Faisant l'inventaire de mes qualités, en vue de mes candidatures au CNRS, je me suis aperçu que j'en avais beaucoup. Un bilan de compétences par dessus cela et banco: ma nouvelle carrière se fera dans la sociologie des sciences.
J'ai bien des atouts.
J'apprécie en effet cette position d'où l'on surplombe les autres sciences, d'où l'on peut examiner les collègues à la loupe ou mieux encore, se focaliser sur quelque détail, comme la couture d'un bouton, une mal assortie chaussette, une attitude à la cafèt.
J'épluche ma correspondance et relève, de-ci delà, quelque travers, une présomption bonhomme, une angoisse face à la portée de telle découverte.
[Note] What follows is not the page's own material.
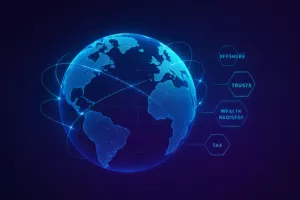 Receiving Inheritance from Abroad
De celle-ci, je n'ai que faire, n'ayant pas les compétences pour en juger.
J'aime à créer des mondes imaginaires, faits d'atomes et de débats publics, mais quant à y voir de plus près, quant à percevoir le poids respectif de chaque entité considérée, quant à établir la distinction entre ce qui pèse et ce qui n'est là que pour l'artifice, l'équilibre de la comparaison, eh bien j'estime qu'il ne faut pas trop m'en demander. Contentons-nous de métaphores.
J'aime évacuer toute dimension dramatique aux enjeux de sociétés, les réduisant à n'être que des objets de discours et de négociation. La portée du réchauffement climatique, de l'extinction massive des espèces, tout cela se dégonfle comme une baudruche lorsque mon stylet le réduit à n'être qu'un relent d'officine, un lieu de tractation.
Avec ma suffisance de bon aloi, je sais écarter toute contestation, avec cette aisance dont Freud faisait montre envers ses opposants: toute critique était issue d'un refoulement.
Le post-modernisme annonçait la mort du sujet. Avec la sociologie des sciences, c'est la mort de l'objet scientifique en tant que tel qui est en passe d'être obtenue.